Uncounted: The New Math of American Elections and the Power of One
I had eagerly awaited David Earnhardt’s sequel to Eternal Vigilance: The Fight to Save Our Election System, which was released last year. Uncounted: The New Math of American Elections builds on his earlier film, examining the 2006 mid-term elections and looking beyond to 2008. Earnhardt patiently weaves his tapestry, using archival footage as well as many new interviews, to place this fight for fair elections within its national and historical context. Those interviewed include members of Congress, journalists, investigative reporters, computer programmers and scientists, community organizers, activists, historians, lawyers, poll workers, and outraged voters.
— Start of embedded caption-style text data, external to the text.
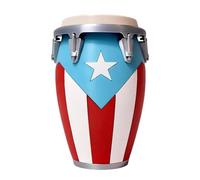 Portavasos estilo tambor con bandera de Puerto Rico, botella de agua, multiusos, a prueba de fugas, aislado, para exteriores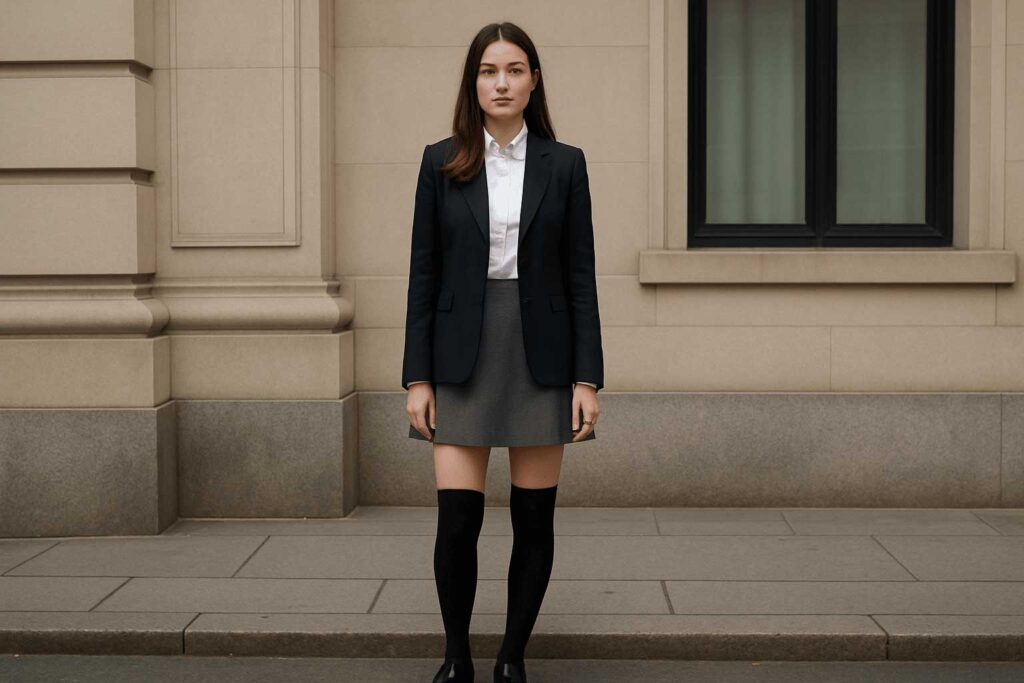 جوراب ساق بلند در استایل کلاسیک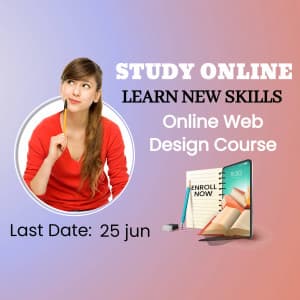 Enroll Now template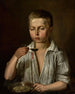 Boy having breakfast - Józef Simmler — artwork view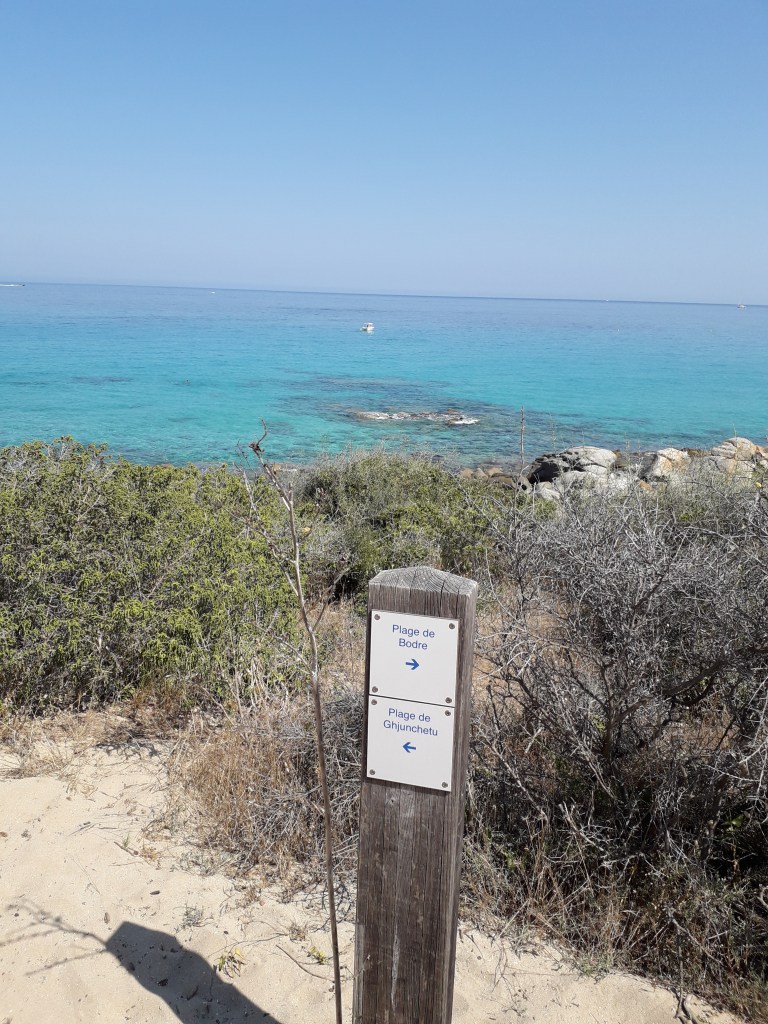sentiero per la spiaggia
This broad base of Americans demonstrates that this is an issue that transcends partisan lines and touches all of us.
Earnhardt did an excellent job of selecting people and episodes to amply illustrate the perilous state of our electoral system. While the 2006 election results seemed to indicate that we are back on track, in fact, quite the opposite is true. Jonathan Simon, of Election Defense Alliance and co-author of “Landslide Denied: Exit Polls vs. Vote Count 2006,” comes straight to the point,
Election 2006 is certainly not telling us that pre-election concerns were overblown and it’s safe to go back in the water. It gives us no reason to assume that our elections will be run fairly and honestly. Just the opposite. Look at the pattern of the past few elections. We have every reason to believe that the 2008 election is going to be manipulated. And we have a hell of a lot of work to do in a very short time to safeguard our next election and by extension all the elections to come.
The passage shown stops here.